Ich legte die Morgenzeitung auf den Couchtisch in der Bibliothek, wo er gerne las, und leerte seinen Aschenbecher. Er hatte einen ordentlichen Stapel von Ausgaben der Washington Tribune hinterlassen, die Ryans Kolumnen enthielten. Ich sammelte sie auf, um sie auf dem Weg zum Auto ins Altpapier zu werfen.
Wenn Nicole Martin sich mit einer anderen Frau getroffen hatte, gab es – außer mir – noch eine andere Frau, die nicht wollte, dass sie die Stadt mit dem Washington-Wein verließ. Amanda Heyward. Hatte sie versucht, Nicole aufzuhalten? Unsere Beziehung war aufgrund des Vandalismus von Kyra und der Tatsache, dass ich diese gezwungen hatte, meine Steinsäulen zu säubern, abgekühlt. Amanda nach Nicole zu befragen, nachdem deren Leiche auf dem Weingut gefunden worden war, würde keine leichte Aufgabe sein.

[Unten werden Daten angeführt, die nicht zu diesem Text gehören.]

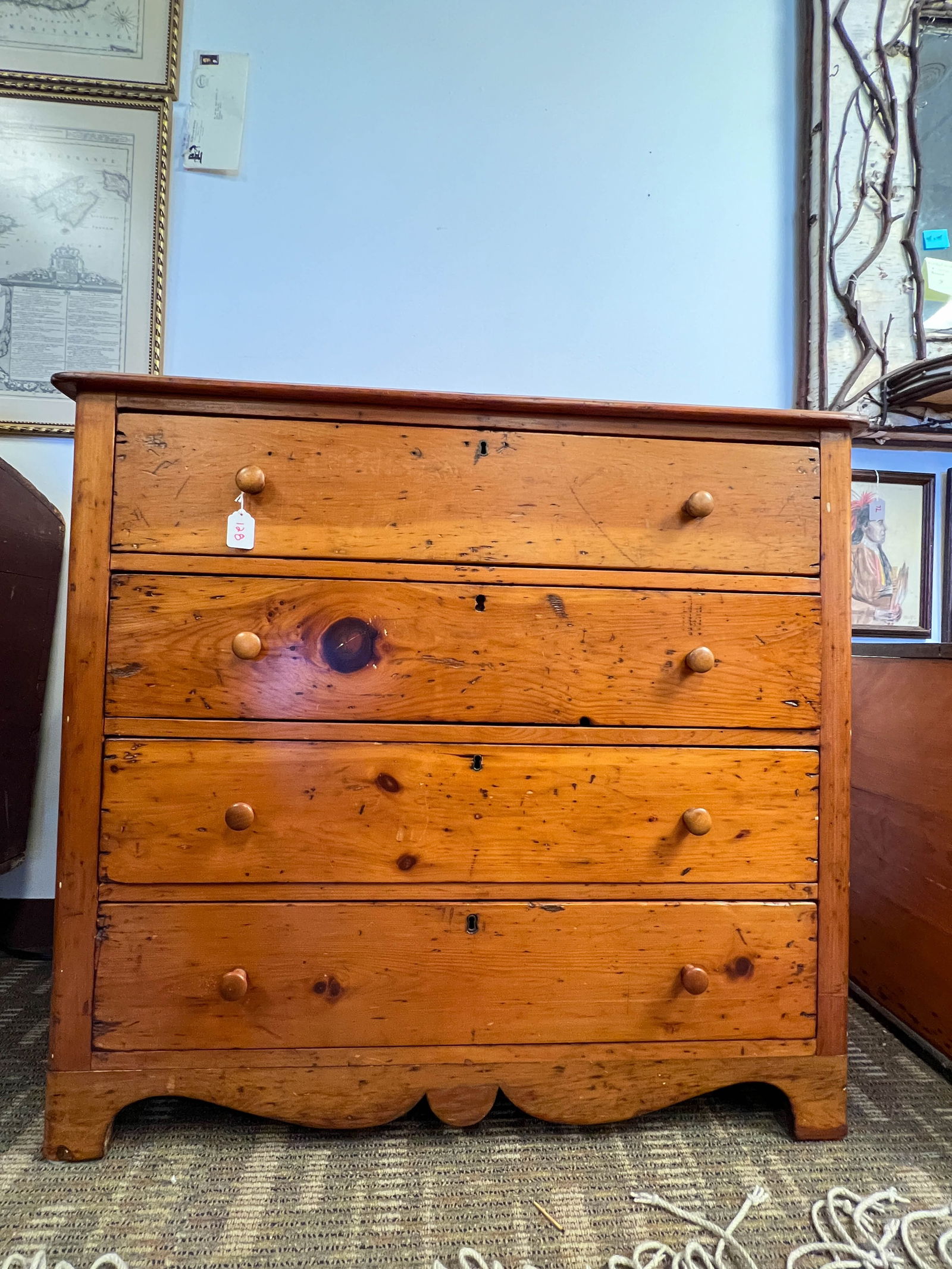 Pine 4 Drawer Chest with Scalloped Edge (1 of 4)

Ich öffnete die Seitentür des Kutschenschuppens und stopfte die alten Tribunes in die Papiertonne. Die oberste Ausgabe war noch so gefaltet, dass Ryans Kolumne zu sehen war – der Text über den Washington-Wein. Ich nahm sie und las sie erneut.

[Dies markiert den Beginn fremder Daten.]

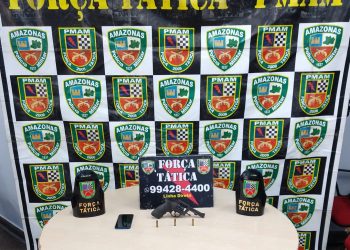 No bairro João Paulo II, PMAM detém homem com arma de fogo e munições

Ryan hatte nicht nur über den Margaux geschrieben, obgleich dieser das Kernstück seines Artikels bildete. Er hatte auch den Domaine de Romanée-Conti und den Château Dorgon erwähnt. Joe Dawson hatte gesagt, Valerie sei wegen etwas erregt gewesen, das sie in Bordeaux erfahren hatte. Ich hatte immer gemutmaßt, es sei der Margaux gewesen, da sowohl Valerie als auch Thomas Jefferson dieses Weingut besucht hatten. Der Domaine de Romanée-Conti war ein Burgunder – doch dann blieb immer noch der Dorgon. Ein Weingut, das nicht mehr existierte.
Gestern Abend hatte ich das Tagebuch von Jeffersons Europareise zu Ende gelesen. Es war eine peinlich genaue Auflistung all dessen gewesen, was er gesehen hatte, bis hin zu banalen Feststellungen wie der Anordnung der Backsteine an den Häusern entlang der Garonne. Im Gegensatz zu mir war ihm kein Detail entgangen.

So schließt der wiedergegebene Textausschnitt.